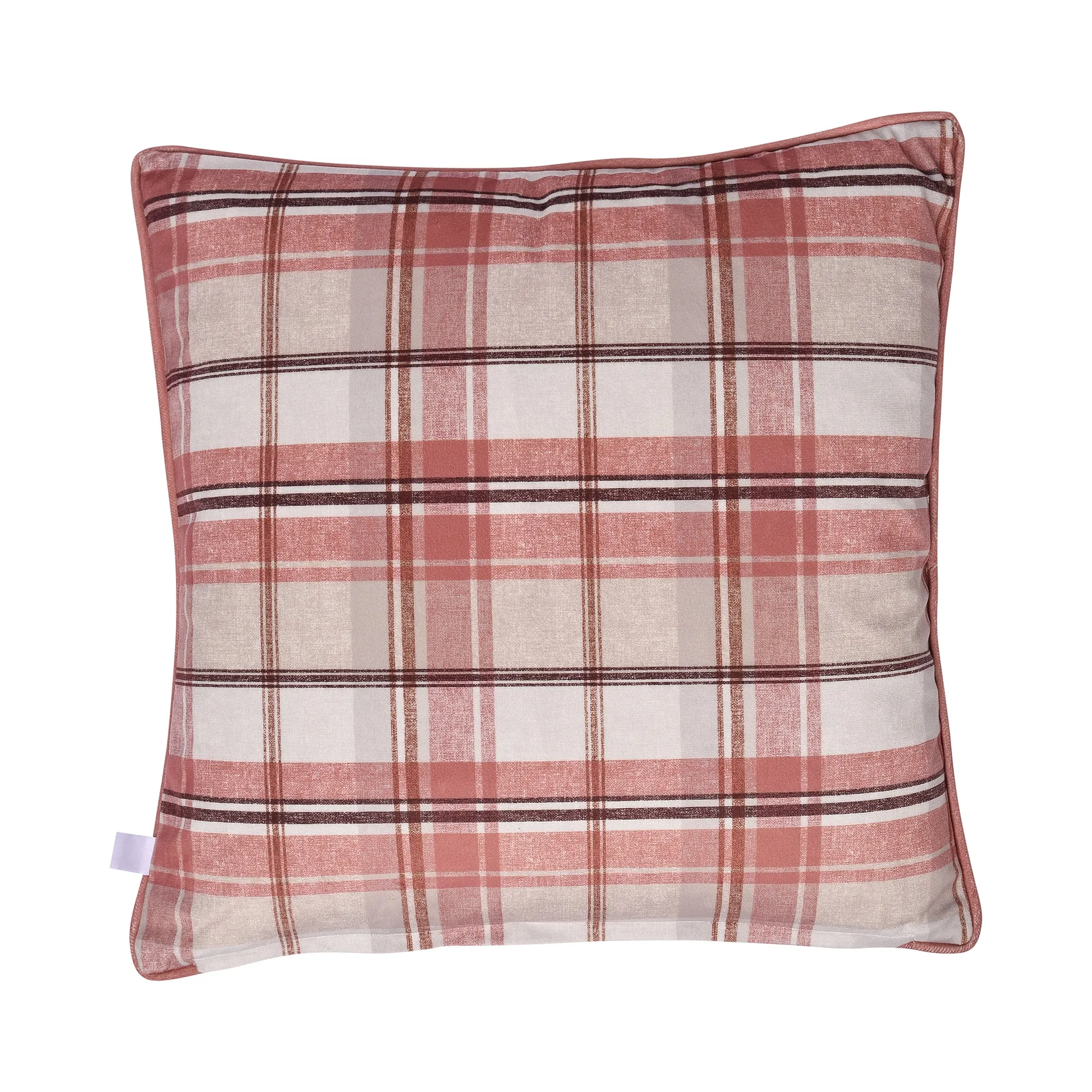 Hanson Highland Cow Cushion by Dreams & Drapes Lodge in Terracotta 43 x 43cm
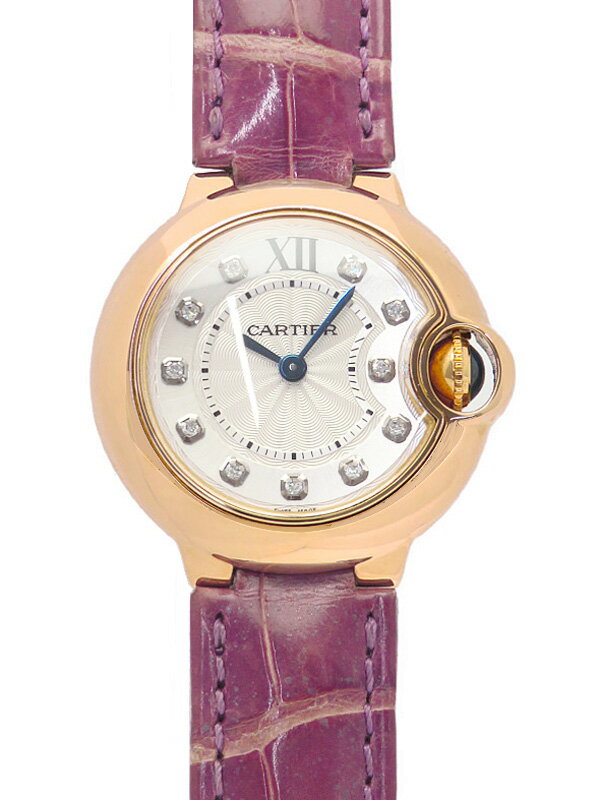  Shop Authentic Cartier Ballon Bleu Diamonds White Dial Pink Leather Strap Watch for Women - WE902050 - Luxxuri
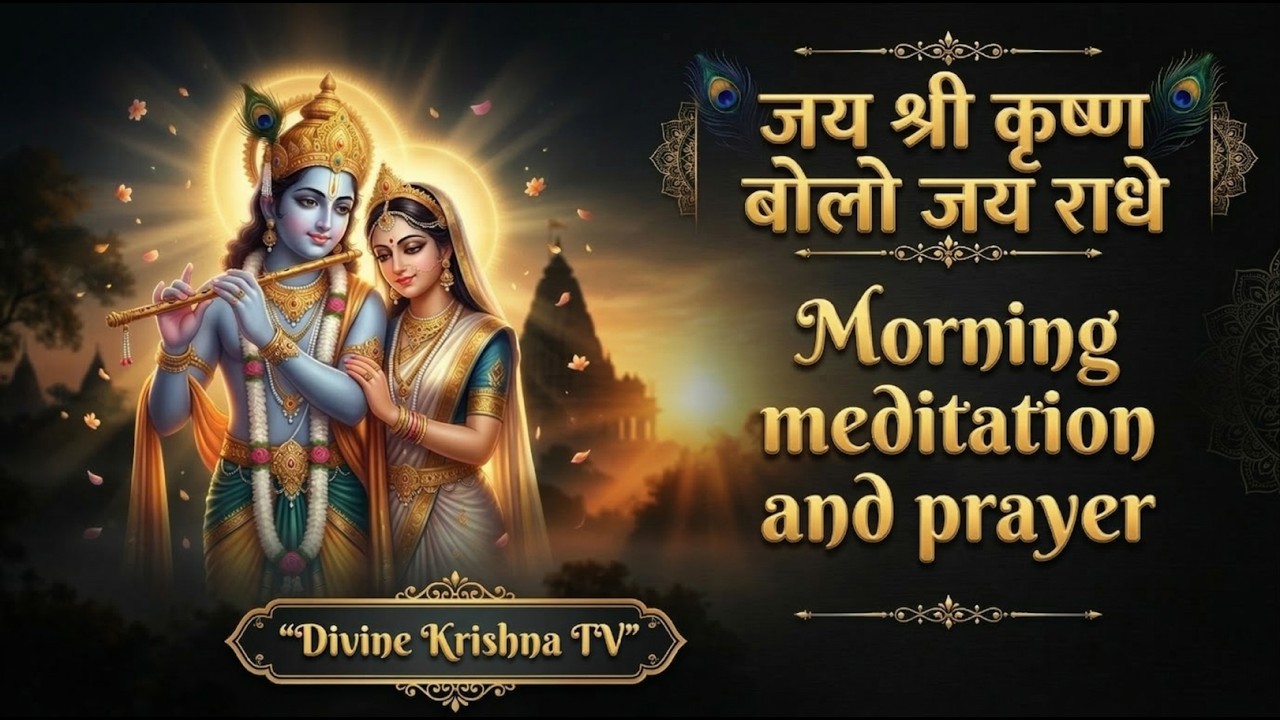 Jai Shri Krishna Bolo Jai Radhe 🙏 | Peaceful Meditation | Morning Mantra | ISKCON Kirtan | 2026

####################

* The task: Only the pictures are to be left out; print everything else in the listing exactly.

* Solved problem:
 Hanson Highland Cow Cushion by Dreams & Drapes Lodge in Terracotta 43 x 43cm
  Shop Authentic Cartier Ballon Bleu Diamonds White Dial Pink Leather Strap Watch for Women - WE902050 - Luxxuri
 Jai Shri Krishna Bolo Jai Radhe 🙏 | Peaceful Meditation | Morning Mantra | ISKCON Kirtan | 2026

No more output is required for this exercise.